12/15/2021 9:42 PM | Anonymous member (Administrator)
Red Door

Our minister last Sunday was talking about our blessings. It reminded me about the nature of our modern-day Christmas and the sometimes excessive gifting of presents. Not everyone gets sucked into that tradition but for all of us, it’s a good reminder. We seem to just slide into the habit of giving “too much.” having promised last Christmas to “control” our buying this year. We try to monitor what we are buying, but it’s fun to give something as a surprise, to the family particularly. Maybe we had a “good year” and feel that we need to share our fortunate situation. Frequently, the “too much” aspect of giving just creeps up on us and isn’t apparent until all the packages are open on Christmas Day. And it is fun to watch the faces of kids and grandkids as they open that really special game or latest model computer they really didn’t expect. I suppose that some of the excess giving is just a mis-step, beyond what you usually give. There are lots of reasons we slip into the area of “excess gifting” and I don’t intend at all to be someone pointing the finger of “shame-on-you.”

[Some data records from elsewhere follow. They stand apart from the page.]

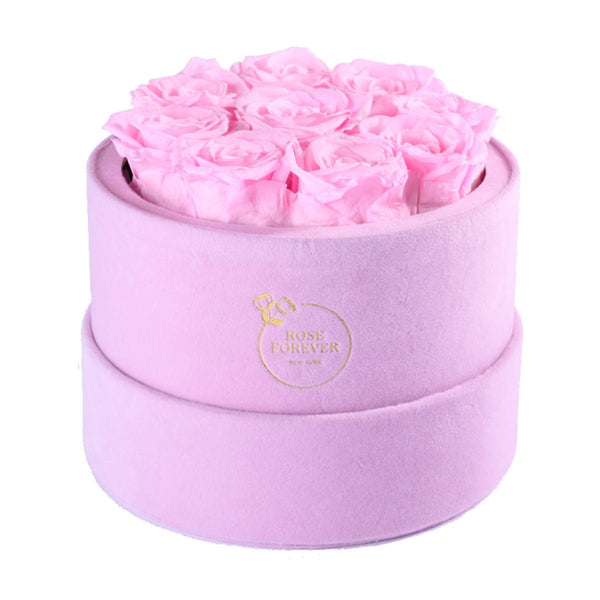 Rose Forever 9 Light Pink Roses - Pink Round Suede Box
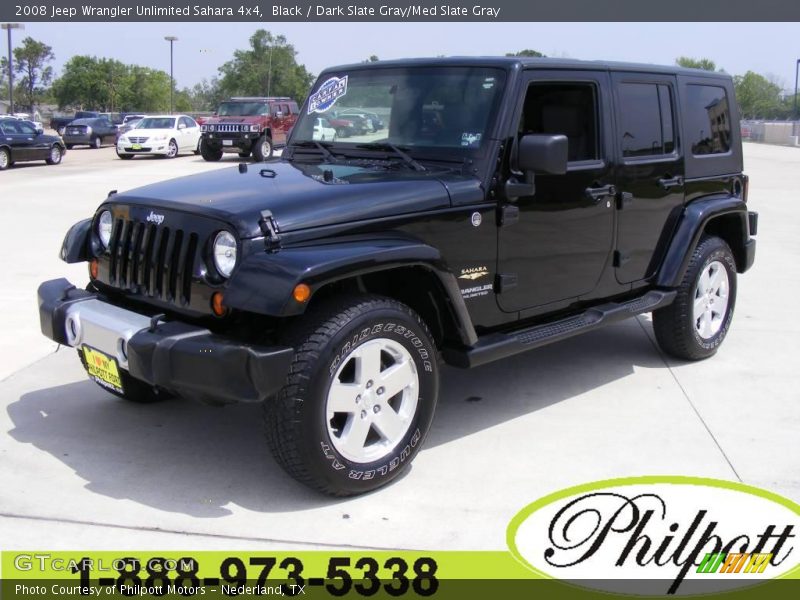 Black / Dark Slate Gray/Med Slate Gray 2008 Jeep Wrangler Unlimited Sahara 4x4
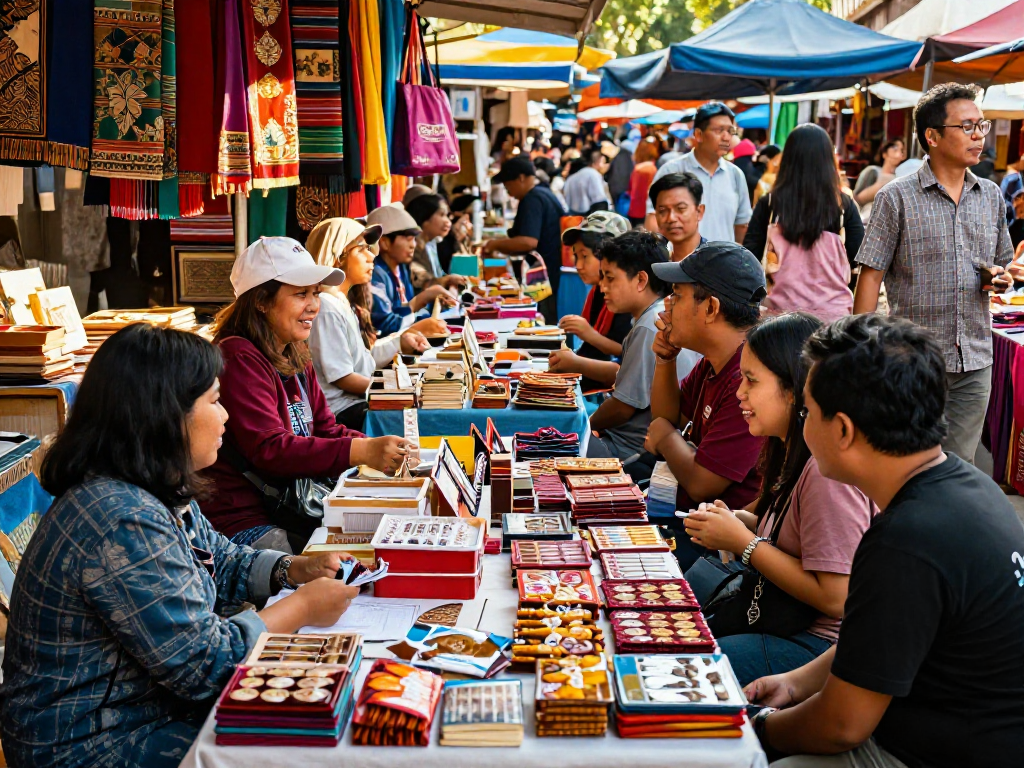rokok88 supports local UMKM with vibrant market scene showcasing unique Indonesian products.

One observation our minister made was the importance of trying to balance all this with special efforts at community service. Frequently, churches provide special holiday suppers for the indigent served by parish members. Bringing your children and grandkids to the event is a good way to remind them of the simple needs of others. Then the family opening of gifts is undertaken against this back-drop of those needs.

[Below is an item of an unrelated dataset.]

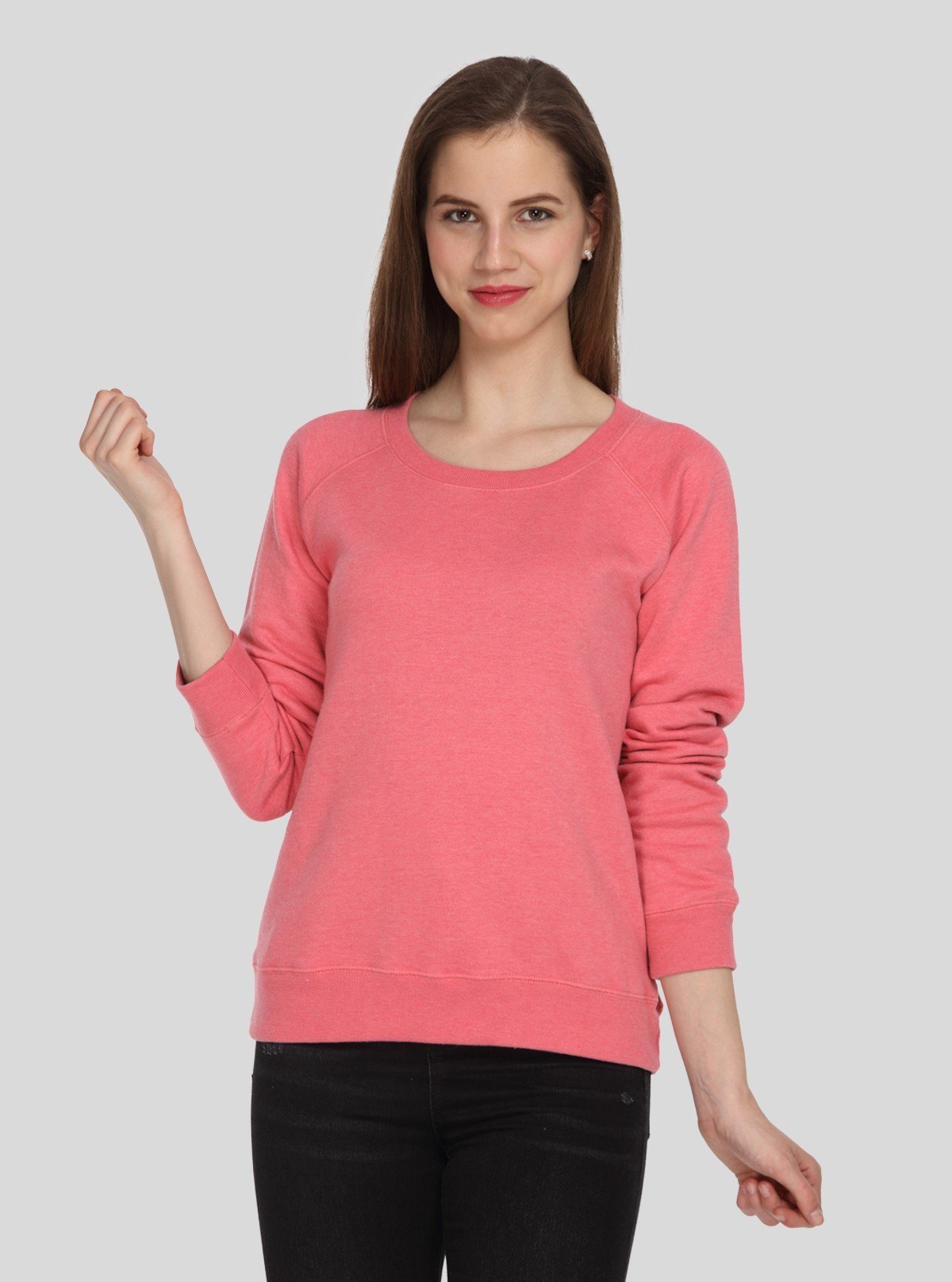 Women’s Dark Pink Full Sleeve Round Neck Pullover in Cotton Fleece - Boer and Fitch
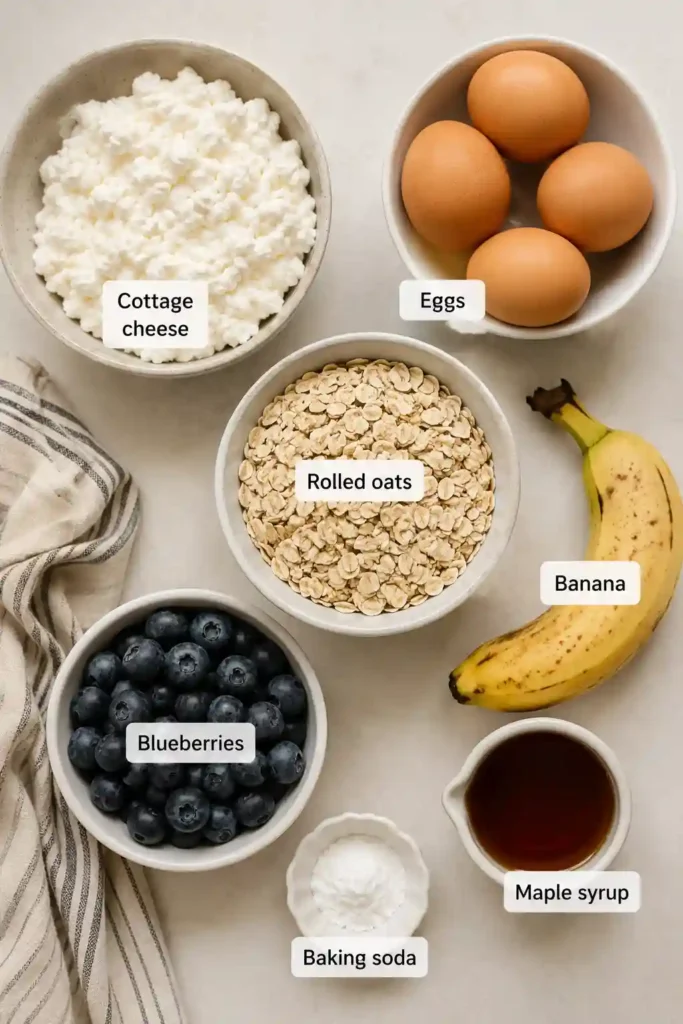 Healthy blueberry breakfast recipe featuring baked cottage cheese oats with naturally sweet banana and maple syrup. A delicious family-friendly breakfast option.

The homeless pull at our hearts especially hard this time of year. It’s cold now and sometimes we’re in the middle of a hard winter freezing rain and snowstorm. Where do these folks sleep? Do they have tough cold-weather-storm coats? Their kids -- they are aware of the gifting to kids but their own stockings are only half full, or worse, or by perhaps being loaded with cheap plastic jim-cracks. It is a time for parents to teach, to explain, to reach out, to bring to our own families a sense of balance and a joy that we might be able to ease the difficulties, and yes, perhaps, their pain, by simply reaching out and by assuring our families that others don’t “have it as good” as we might and bring a sense of participation by the family in service to others not so fortunate.

Surely, our Program calls us to serve others. There are special needs, always. Several years ago, on Christmas day I was sitting around our son’s home in Denver feeling sorry for myself, grinding away on some issues which could not be solved that day but which could lead me to that slippery slope. So, I spent much of the day at an AA club house. There, I knew I couldn’t get into trouble. I spent most of the time talking to a rancher from Wyoming who drove to the city in his pickup and “just needed a place to talk to people.”  Tons of folks were present and that meant a need for folks to bring a lot of coffee and cookies and cakes, to clean up, lead discussion sessions, and talking to that new person who had no other place to go, having lost his family and his self-respect but stumbles into the club house.

Christmas is a joyous time of celebration of the birth of our Savior, but it’s also a time to remember our good fortune and, following the importuning of the Twelve Steps, use it responsibility to reach out to others, including our families.